Headshot courtesy of Dean Guske

As president of Washington-based Guske & Company, Guske works with cannabis businesses across the industry. “280E doesn’t hit producers and processors as hard as it does retailers,” he explains. Instead of being too tax-focused, he advises cultivators to see beyond 280E.

9. Focus on business efficiencies and cost structures. With an oversupply in most mature recreational markets, Guske predicts prices in newer markets such as California and Nevada are only going to decrease. “Focus on your business efficiencies and cost structures,” he advises. “Focus on getting your production costs down to a point where you’d be able to survive on the prices we have in Oregon and Washington.”

10. Understand your limitations in running a business. “Growing pot is one thing, managing a sizable business is another,” Guske says. He advises bringing in skilled professionals, including tax experts, so you can do what you do best. “Make sure you have a good management team that has the diverse skills you need to run any business. One person can’t do it all,” he says.

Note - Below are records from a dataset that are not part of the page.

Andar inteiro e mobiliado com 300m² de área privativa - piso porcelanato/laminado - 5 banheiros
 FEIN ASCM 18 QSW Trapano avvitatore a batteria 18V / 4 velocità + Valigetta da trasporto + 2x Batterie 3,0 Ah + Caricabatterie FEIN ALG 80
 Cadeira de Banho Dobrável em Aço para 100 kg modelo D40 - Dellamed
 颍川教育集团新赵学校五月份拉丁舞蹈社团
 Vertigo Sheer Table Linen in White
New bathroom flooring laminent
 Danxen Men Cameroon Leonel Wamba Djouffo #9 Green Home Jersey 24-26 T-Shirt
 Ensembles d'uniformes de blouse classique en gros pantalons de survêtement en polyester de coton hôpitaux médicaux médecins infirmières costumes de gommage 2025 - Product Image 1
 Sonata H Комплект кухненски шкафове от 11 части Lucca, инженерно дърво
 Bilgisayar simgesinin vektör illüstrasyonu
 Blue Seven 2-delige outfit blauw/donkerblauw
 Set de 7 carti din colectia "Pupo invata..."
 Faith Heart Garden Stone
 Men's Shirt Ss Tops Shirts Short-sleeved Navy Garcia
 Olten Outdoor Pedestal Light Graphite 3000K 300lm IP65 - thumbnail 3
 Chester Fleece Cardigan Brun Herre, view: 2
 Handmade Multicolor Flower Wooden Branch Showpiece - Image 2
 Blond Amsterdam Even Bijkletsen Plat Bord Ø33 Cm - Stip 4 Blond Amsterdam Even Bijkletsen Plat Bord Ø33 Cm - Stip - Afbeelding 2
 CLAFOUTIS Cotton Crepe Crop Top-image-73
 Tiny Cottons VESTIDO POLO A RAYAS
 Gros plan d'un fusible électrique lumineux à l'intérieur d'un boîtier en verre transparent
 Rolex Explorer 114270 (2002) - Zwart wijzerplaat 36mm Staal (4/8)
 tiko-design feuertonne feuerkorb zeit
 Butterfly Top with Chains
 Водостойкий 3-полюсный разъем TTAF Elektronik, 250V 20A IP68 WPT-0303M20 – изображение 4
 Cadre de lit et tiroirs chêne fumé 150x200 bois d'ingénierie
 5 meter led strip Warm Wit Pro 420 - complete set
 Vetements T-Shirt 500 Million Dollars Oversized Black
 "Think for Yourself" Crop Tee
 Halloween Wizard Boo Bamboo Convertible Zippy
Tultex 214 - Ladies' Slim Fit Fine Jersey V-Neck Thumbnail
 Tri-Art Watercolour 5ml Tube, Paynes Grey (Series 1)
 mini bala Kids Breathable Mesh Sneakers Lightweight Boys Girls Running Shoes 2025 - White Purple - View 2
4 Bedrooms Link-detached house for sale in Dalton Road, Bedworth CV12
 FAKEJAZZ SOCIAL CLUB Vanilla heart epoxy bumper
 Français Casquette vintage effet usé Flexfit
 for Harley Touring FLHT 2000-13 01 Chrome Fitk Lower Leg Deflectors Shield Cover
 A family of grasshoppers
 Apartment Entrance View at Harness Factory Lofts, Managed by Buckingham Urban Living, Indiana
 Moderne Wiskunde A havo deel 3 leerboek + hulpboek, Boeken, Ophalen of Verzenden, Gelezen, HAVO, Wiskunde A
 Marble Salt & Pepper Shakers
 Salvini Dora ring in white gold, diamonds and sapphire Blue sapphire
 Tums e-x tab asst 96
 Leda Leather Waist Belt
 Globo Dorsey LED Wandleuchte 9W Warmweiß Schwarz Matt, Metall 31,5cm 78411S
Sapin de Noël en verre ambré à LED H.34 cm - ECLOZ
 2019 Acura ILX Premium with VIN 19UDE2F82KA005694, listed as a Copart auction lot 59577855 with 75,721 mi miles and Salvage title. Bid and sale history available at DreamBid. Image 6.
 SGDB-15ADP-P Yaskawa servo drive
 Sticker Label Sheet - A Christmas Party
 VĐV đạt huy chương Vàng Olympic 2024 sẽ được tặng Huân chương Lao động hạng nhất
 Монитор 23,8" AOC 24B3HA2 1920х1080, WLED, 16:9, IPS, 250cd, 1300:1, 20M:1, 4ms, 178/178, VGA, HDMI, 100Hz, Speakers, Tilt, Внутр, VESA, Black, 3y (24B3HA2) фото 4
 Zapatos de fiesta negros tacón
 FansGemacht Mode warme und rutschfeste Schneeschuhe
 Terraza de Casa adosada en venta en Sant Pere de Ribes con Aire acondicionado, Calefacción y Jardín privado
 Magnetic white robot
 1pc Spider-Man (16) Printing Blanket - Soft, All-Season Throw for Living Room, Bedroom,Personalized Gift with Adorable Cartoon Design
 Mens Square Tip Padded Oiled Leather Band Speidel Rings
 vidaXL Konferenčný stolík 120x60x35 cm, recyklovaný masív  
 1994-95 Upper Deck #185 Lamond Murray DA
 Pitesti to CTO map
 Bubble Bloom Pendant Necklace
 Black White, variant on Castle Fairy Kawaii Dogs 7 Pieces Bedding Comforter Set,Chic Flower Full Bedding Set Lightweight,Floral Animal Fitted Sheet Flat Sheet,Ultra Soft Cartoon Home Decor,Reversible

11. With new tax laws taking effect, re-evaluate previous decisions. Tax changes may call for changes in your business and its structure. “Cultivators are probably doing business as a pass-through entity, either an LLC or an S corporation,” Guske says. “It’s worth taking a look to see if a C corporation might make sense because the new corporate tax rate is only 21 percent.”

12. Never fall behind on taxes. “Whether it’s excise taxes, income taxes, payroll taxes— you have to make sure you keep current,” Guske says. “Once you get behind, it’s almost impossible to get caught back up, and your chances of failure go up exponentially.”

13. Make sure you file Form 8300 when required. IRS Form 8300 (Report of Cash Payments Over $10,000 Received in a Trade or Business) applies to single transactions or a series of transactions over a 12-month period. “There is no downside to filling the form out. There’s only a downside to not filling it out. The fines are exorbitant,” Guske says.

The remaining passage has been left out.